Vogliamo iniziare questo intervento finale ringraziando tutte le soggettività collettive, i gruppi, le associazioni che hanno contribuito a costruire questa splendida giornata per la giustizia climatica e sociale. Ma non finisce qui! Questo Climate Pride è solo una tappa in un processo che ha attraversato tanti momenti collettivi, e la prossima tappa sarà il 14 maggio, quando vogliamo portare a palazzo D’Accursio la potenza della giornata di oggi!
(continua dopo le foto di Michele Lapini)

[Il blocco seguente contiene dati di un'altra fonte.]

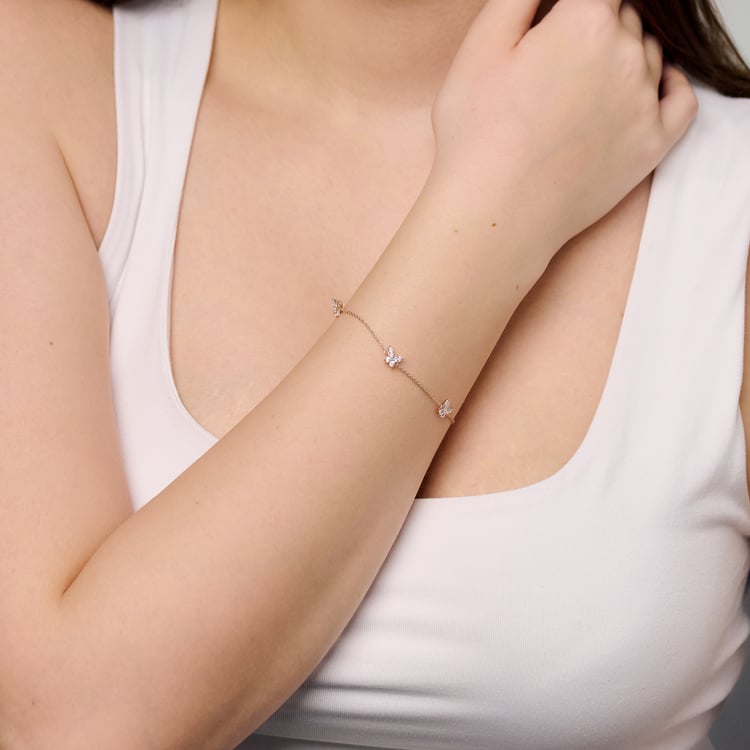 Řetízkový náramek s motýlky z přírodních diamantů Nagendra 165426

Il mondo è attraversato dalle guerre e dalla corsa al riarmo, mentre in Palestina è in atto un genocidio. Le velleità di una transizione ecologica dall’alto sono state seppellite dal peso di miliardi di euro da investire in carri armati e bombe. Il patriarcato uccide, ogni settimana. I luoghi che abitiamo sono attraversati dalla crisi climatica: acqua e fango invadono le nostre case, si portano via vite e fanno miliardi di euro di danni. E abbiamo visto come la solidarietà dal basso sia stata la fondamentale risorsa per difendere noi e il territorio. Siccità e ondate di calore rendono invivibili i nostri quartieri e mettono a rischio le coltivazioni.

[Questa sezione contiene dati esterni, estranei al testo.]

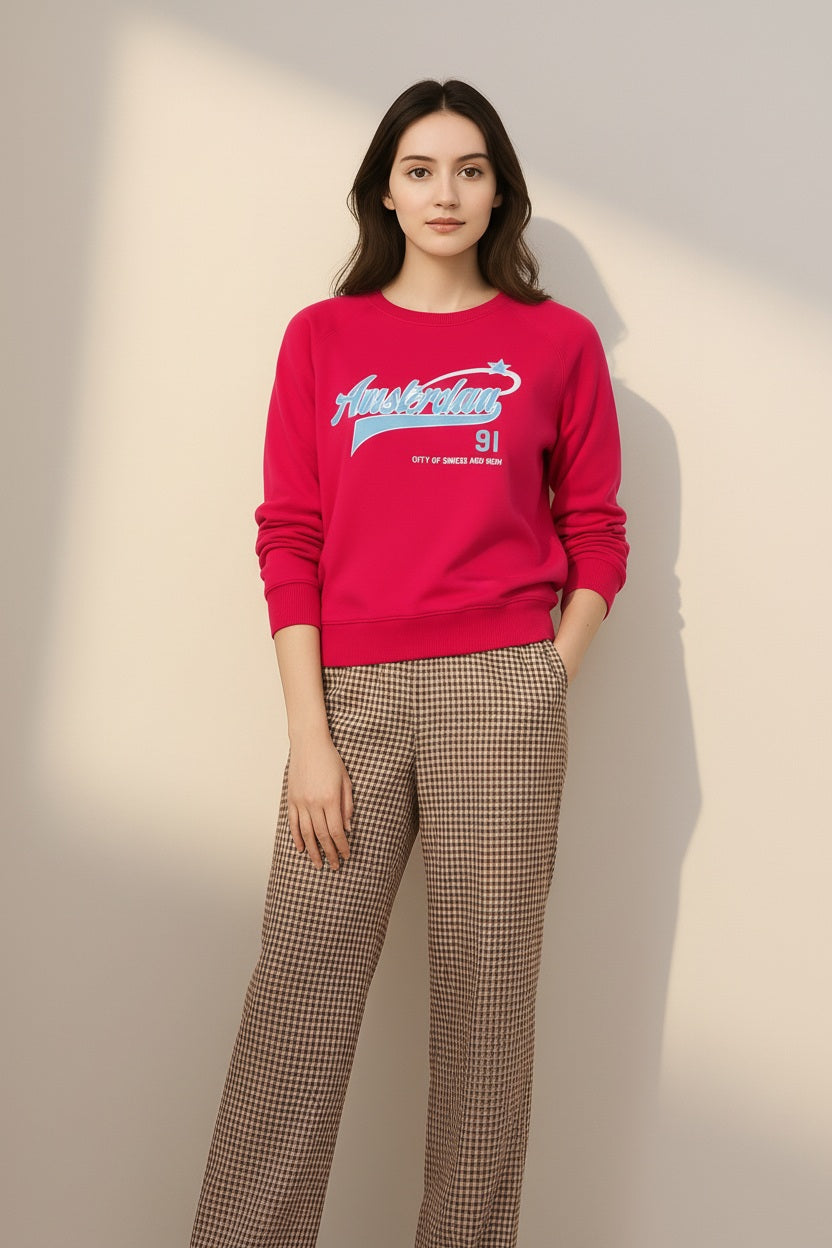 Women Round Neck Graphic Print Sweatshirt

L’abbiamo urlato oggi e dobbiamo continuare a urlarlo il prossimo 14 maggio: “La transizione dall’alto ha fallito!”. Lo vediamo nelle strategie europee, nelle politiche nazionali, nelle scelte regionali, e lo vediamo nella nostra Bologna, che anche dopo le alluvioni continua a consumare suolo, aumenta le tariffe del trasporto pubblico, è incapace di produrre una visione ecologica della città. Una città nella quale grandi parti del nostro territorio continuano a essere abbandonate e soggette agli appetiti della speculazione: pensiamo alle aree delle ex caserme, ai Prati di Caprara, all’ex CRB, per citare solo alcuni esempi.

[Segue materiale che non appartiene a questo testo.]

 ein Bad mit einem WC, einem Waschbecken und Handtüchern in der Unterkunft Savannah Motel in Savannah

Non siamo qui per chiedere a qualcuno di fare qualcosa. Siamo qui per dire che vogliamo gli spazi per fare dal basso tante cose. Questo è il messaggio che vogliamo portare collettivamente in Comune il prossimo 14 maggio. Spazi liberi per sperimentare, testare, praticare. Spazi aperti per discutere, approfondire, conoscere. Spazi collettivi per costruire le transizioni ecologiche, a partire da verbi che risuonano in tutto il pianeta, come ‘desigillare’ e ‘forestare’.
Se la transizione dall’alto ha fallito, sono le pratiche dal basso che possono costruire le forme collettive per vivere nella crisi climatica. Togliere asfalto, fare foreste urbane, costruire orti collettivi, elaborare conoscenze plurali. In poche parole: fare spazio al suolo e alle acque, alla vegetazione e alle persone.
Nelle ultime settimane abbiamo indicato l’area dell’ormai ex Ippodromo come un possibile terreno di sperimentazione delle ecologie urbane dal basso. Un grande spazio urbano in un quartiere ricco di attivismi e contraddizioni. Per iniziare a dimostrare, attraverso le nostre pratiche quotidiane, che a Bologna devono nascere tanti nuovi spazi delle ecologie urbane, dove desigillare, forestare, ibridare i saperi, reimmaginare le nostre relazioni con e nello spazio pubblico.
Per questo, per altro, per tutto, oggi abbiamo attraversato questa città. E continueremo a farlo nelle prossime settimane, sperimentando il terreno delle pratiche e arricchendo quello delle iniziative: il 14 maggio, tutte a Palazzo d’Accursio, per portare collettivamente le ecologie urbane che vogliamo veder germogliare nella nostra città.
Abbiamo scritto che questo presente, fatto di guerre, alluvioni, crisi climatica, non è il nostro futuro. E il futuro, come sempre, è una pagina da scrivere collettivamente: costruiamo ecologie urbane, riprendiamoci la città!